Open Letter to the Sleepless
You can't sleep. Oh, you can get to sleep. Sometimes. An hour here, a few hours there. But never the night through. The dead of night, when the air is too hot and the sky is too dark, that's when you wake up and can't get back to sleep.
Maybe it was a dream. The one with the stairs? Up, down, over and over again. Or the dream with the doors. Or the task you need to complete but can't because you don't know what it is, and the dream ain't telling you.
Point is, you're awake. And all the dark thoughts are awake too, ready to visit you. The weird email from a friend that you can't parse. The job that isn't so hot right now. The project that you should be so much further along on. How can you sleep when so much is wrong? When you're messing up so much? When you can't do anything right because you can't sleep…
It's a pretty little trick, isn't it? The way that feeling gets stronger the more you try to ignore it, like a tide that pulls you out to sea even faster because you're swimming against it. But the real trick is that you have to keep swimming, because giving up doesn't get you anywhere good. So you try. But you're tired. And it just keeps getting harder to go on.
Stop.
Just stop for a second and listen to me.
You're amazing. You've produced wonderous things. Stories, pictures, jokes, events, friendships, groups, children, words, images, ideas. You've made them. And not everyone can do that. People like what you've done, and they want to see more, hear more from you. I want to see more from you.
You're not a fraud. You're not a dabbler. You're not a joke.

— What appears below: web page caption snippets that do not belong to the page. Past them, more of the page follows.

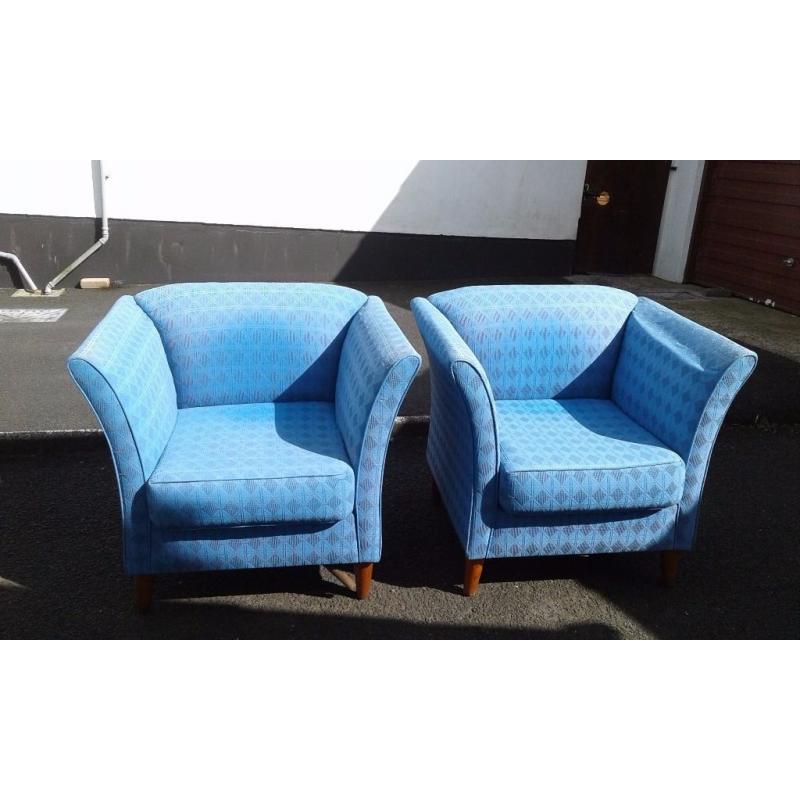 2 blue armchairs will sell separately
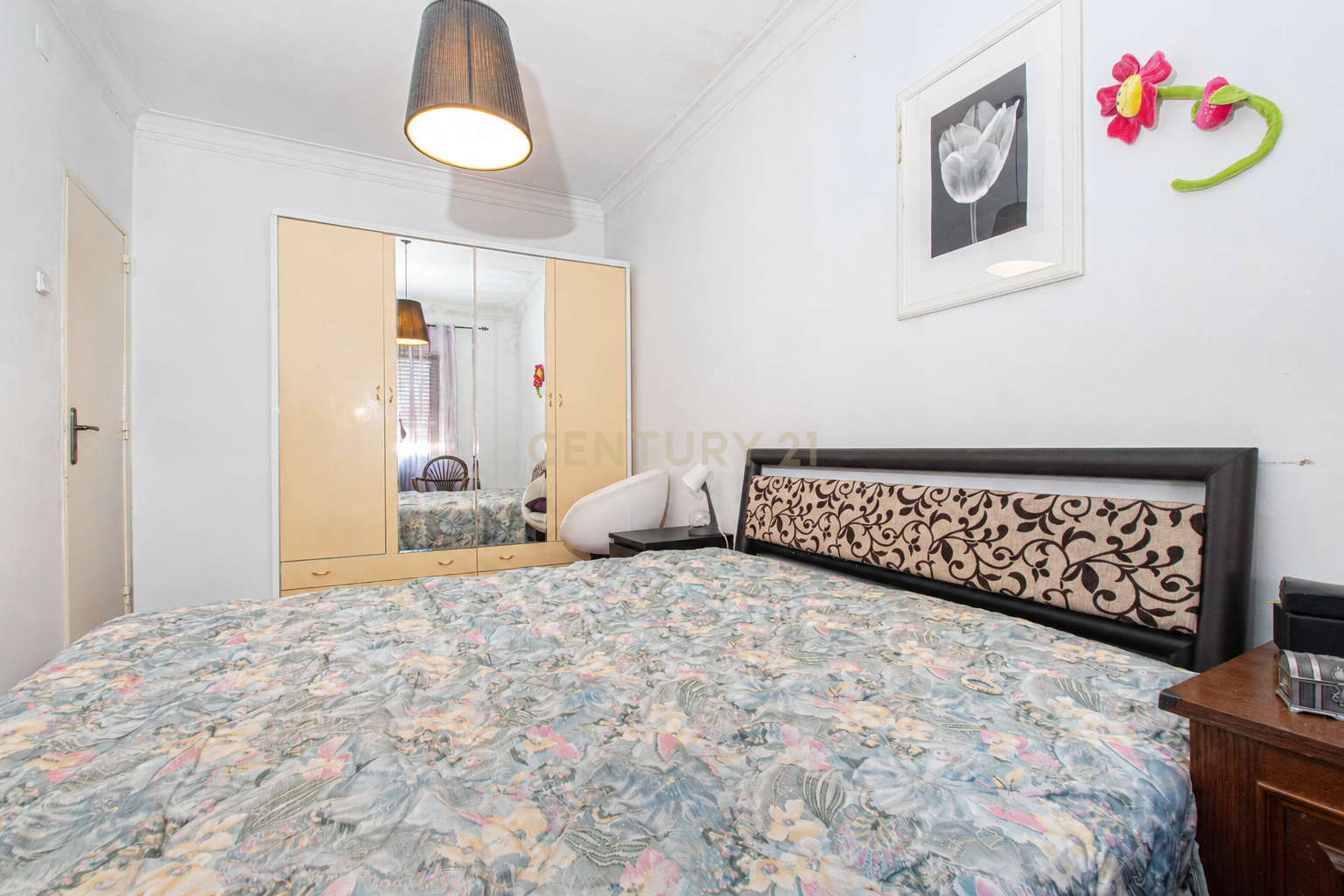 Fotografia 12 de Oportunidade de Investimento | Apartamento T3 convertido em T2 | Olival Basto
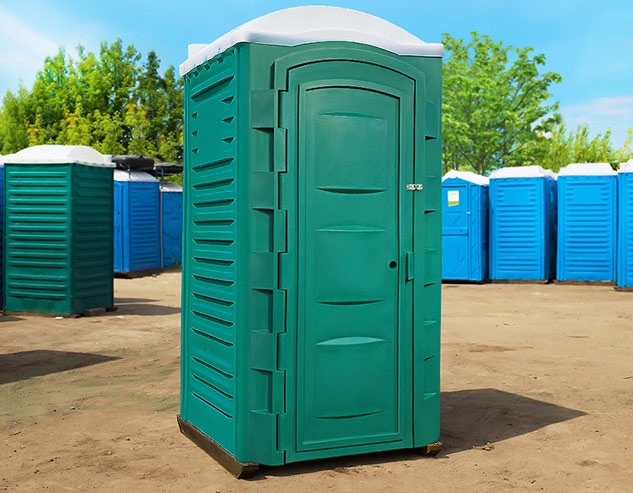 Туалетная кабина «Люкс» внешний вид в окружающей среде.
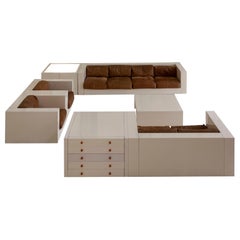 Saratoga living room set designed by Massimo and Lella Vignelli for Poltronova
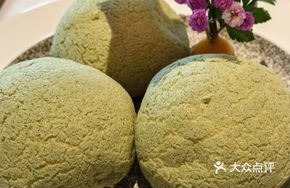 Bamboo燕 Matcha Snow Cap Bun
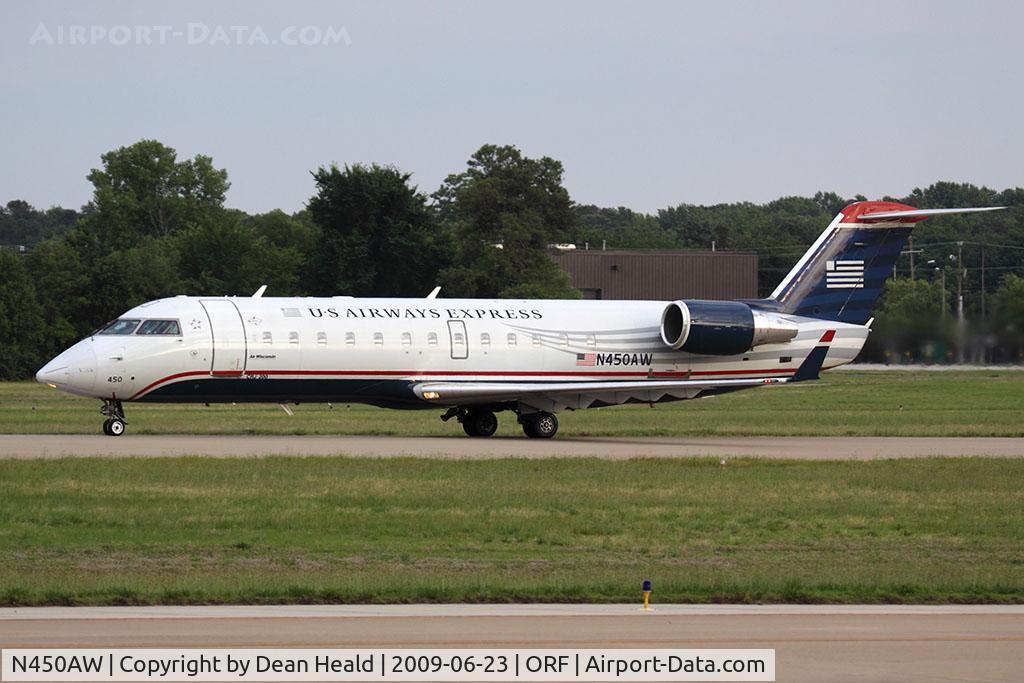 N450AW, 2003 Bombardier CRJ-200LR (CL-600-2B19) C/N 7823, US Airways Express (Air Wisconsin) N450AW starting takeoff roll on RWY 5 en route to Philadelphia Int'l (KPHL) as Flight 3581.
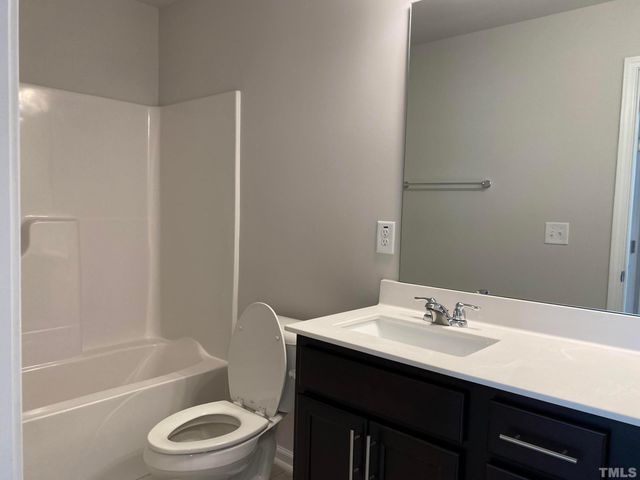 2022 Strickland Oak Way, Durham, NC 27703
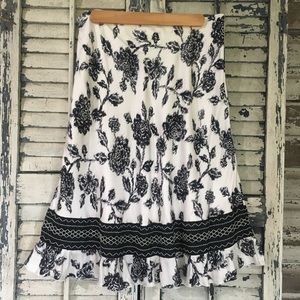WHBM Black & White Silk Floral Print Knee Skirt 6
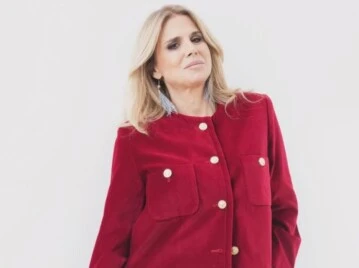 Flavia Palmiero apostó al rojo y al denim: el look elegante y canchero que podés copiar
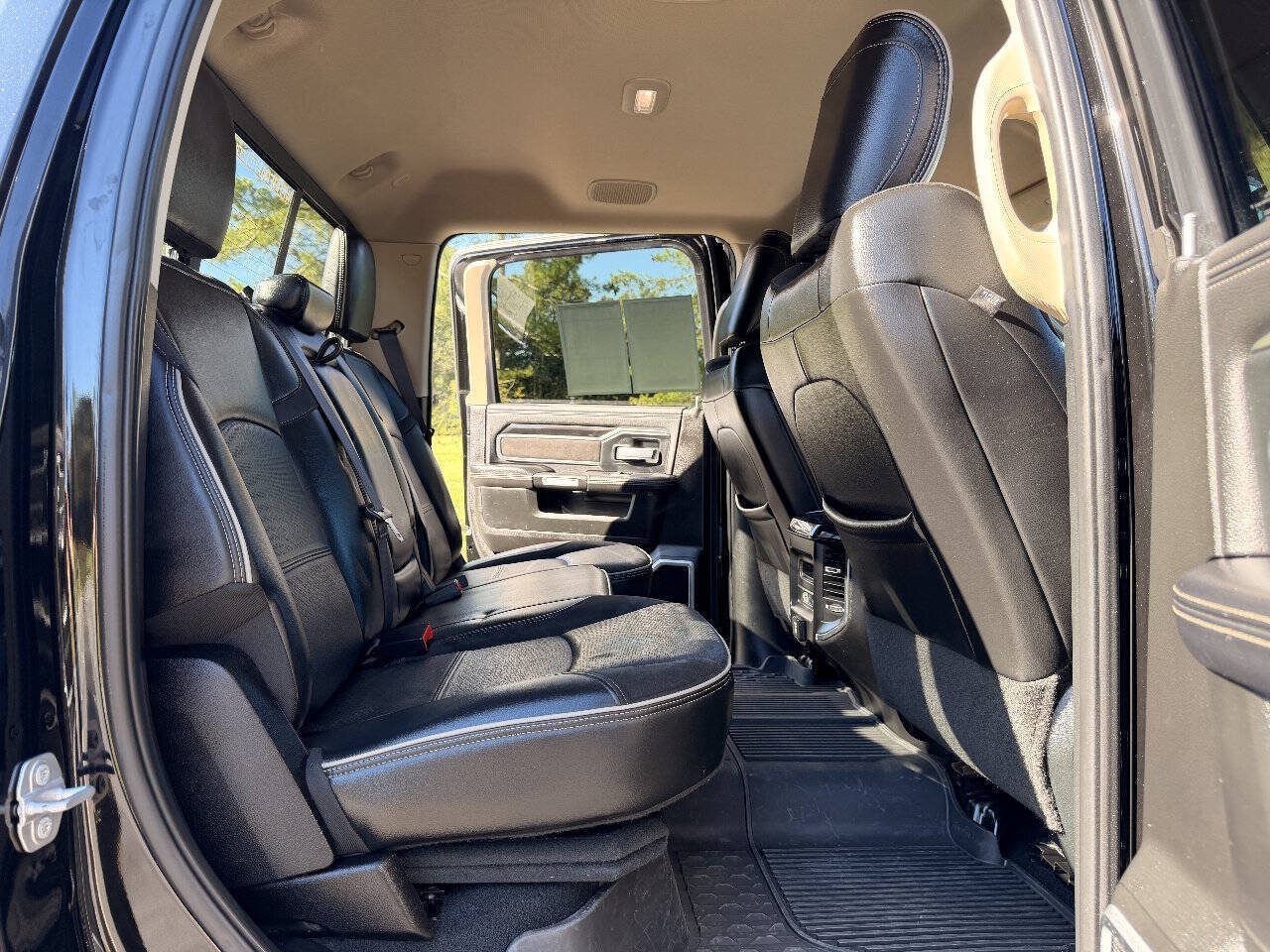 Used 2019 RAM 2500 Laramie AWD/4WD image 25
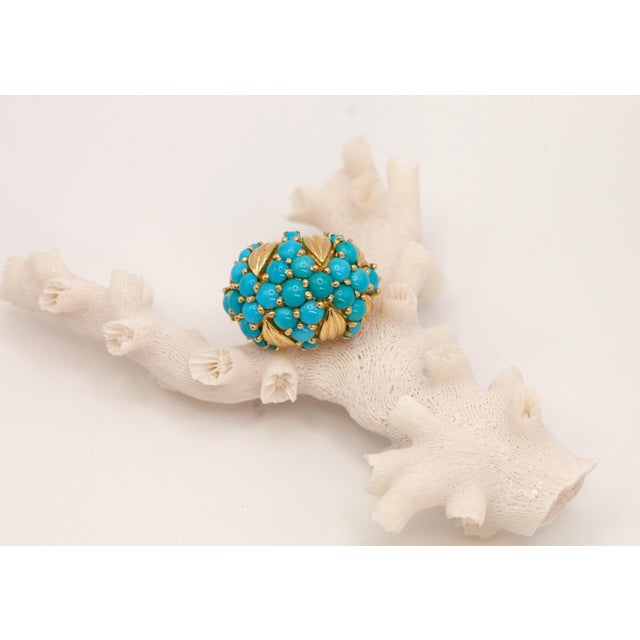 Gold 1960s Vintage 18k Yellow Gold Persian Turquoise Dome Ring, Size 5.75 For Sale - Image 8 of 10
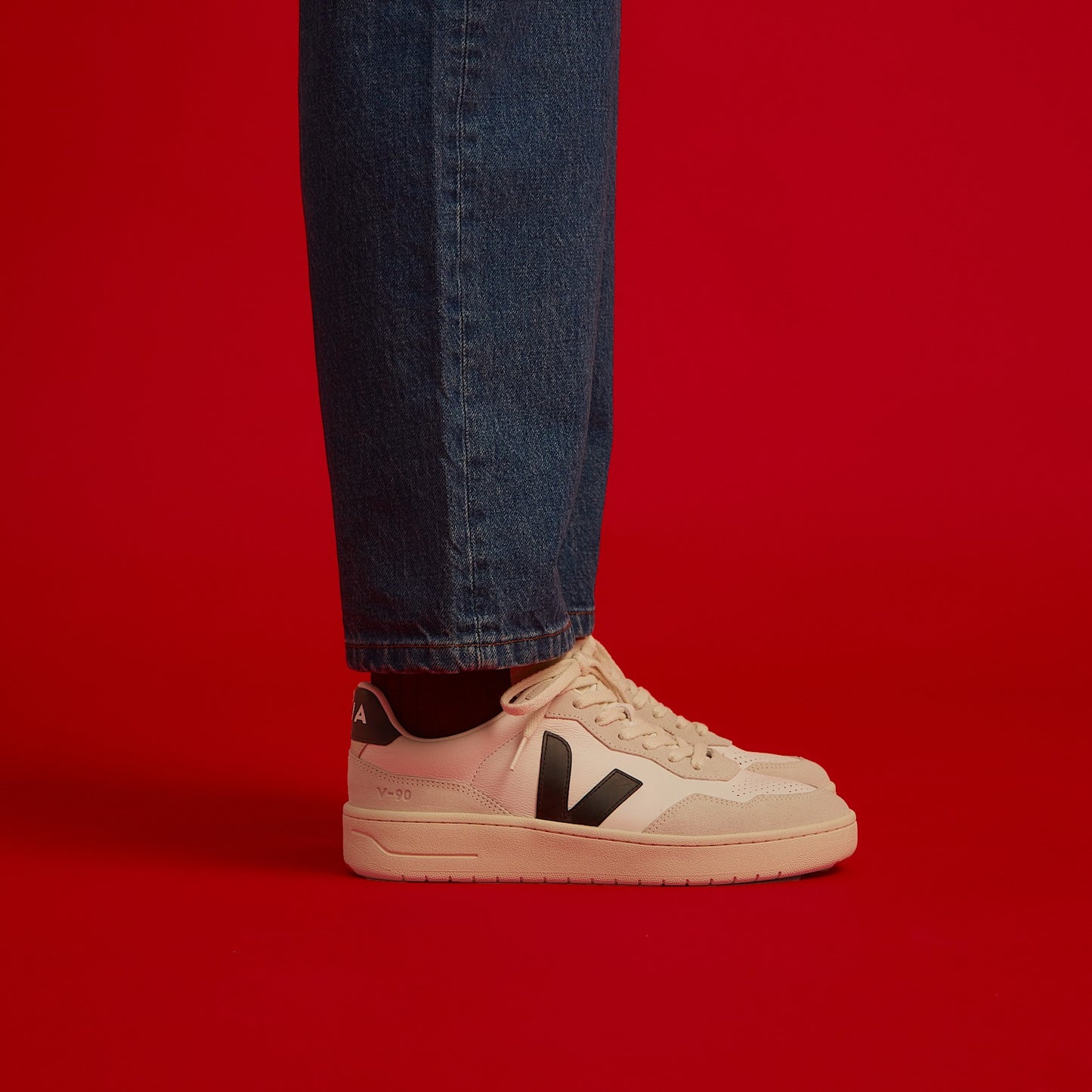 V-90 LEATHER WHITE BLACK - VEJA US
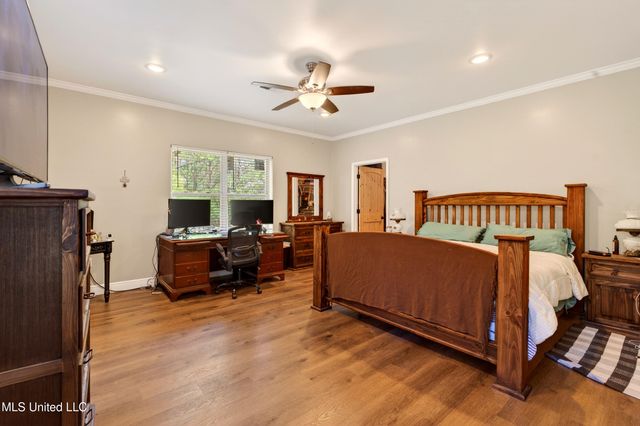 513 Poinsettia Drive, Bay Saint Louis, MS 39520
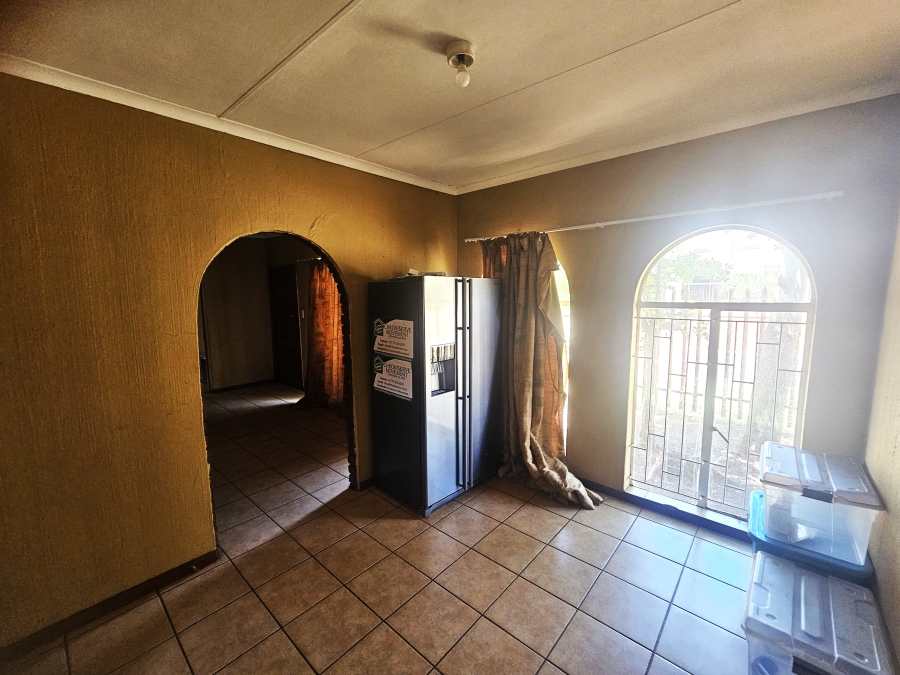 6 Bedroom Property for Sale in The Orchards Gauteng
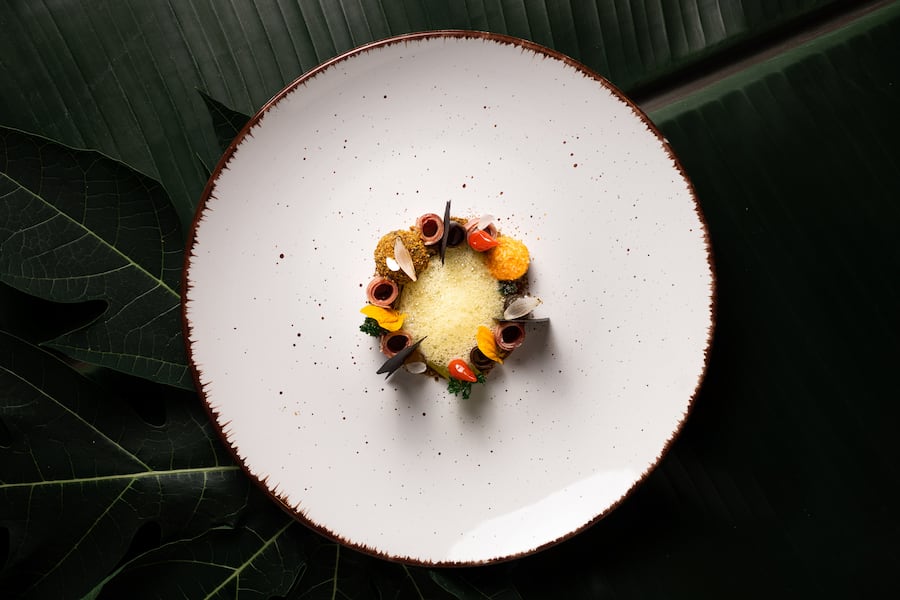 Teufelssalat aus den Resten, Rinderzunge, Rinderbrustpulver, Ochsenschwanz, Safranschaum auf Gemüsefondbasis, Tomatenwolke, Knoblauchpapier - Daniele Tortomasi Chefkoch - Tropenhaus in Wolhusen - Restaurant The Nucleus - 11. Dezember 2020 - Copyright Olivia Pulver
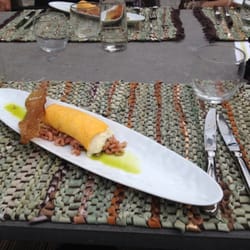 Brasserie Wouter - Paasmenu: fijn omeletje gevuld met bloemkool, gerookte mozzarella, basilicumolie en grijze garnalen.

You're a producer. A maker. A creator.
Maybe what you make isn't something solid, that folks can hold in their hands. But that doesn't make it any less real. It can still change the shape of the universe. And you made it.
So of course you're tired. Of course those night-thoughts are visiting.
No wonder you can't sleep. You've got a lot on your mind.
You've been producing, and that's hard. It invites doubts and fears right inside your brain. That's natural. But it doesn't mean you have to feed them.
Listen carefully to all those little, squirmy, deep blue ideas that creep inside your head when you're staring at the ceiling. Listen to them so you can understand how strange they are, how twisted and misshapen they've gotten. Note how little they have to do with reality or even possibility.
And then let them go. Name them as lies and irrationalities. Then politely show them the door.
Not sure they're lies? Repeat them to the people around you, the people you trust, the people who trust you. When you hear how much folks laugh when they hear those lies, you'll know. And then you can get the deep, dark muck out of your head and get to sleep.
So you can wake up and start doing what you do best.
Making.
Because I can't wait to see what you do next.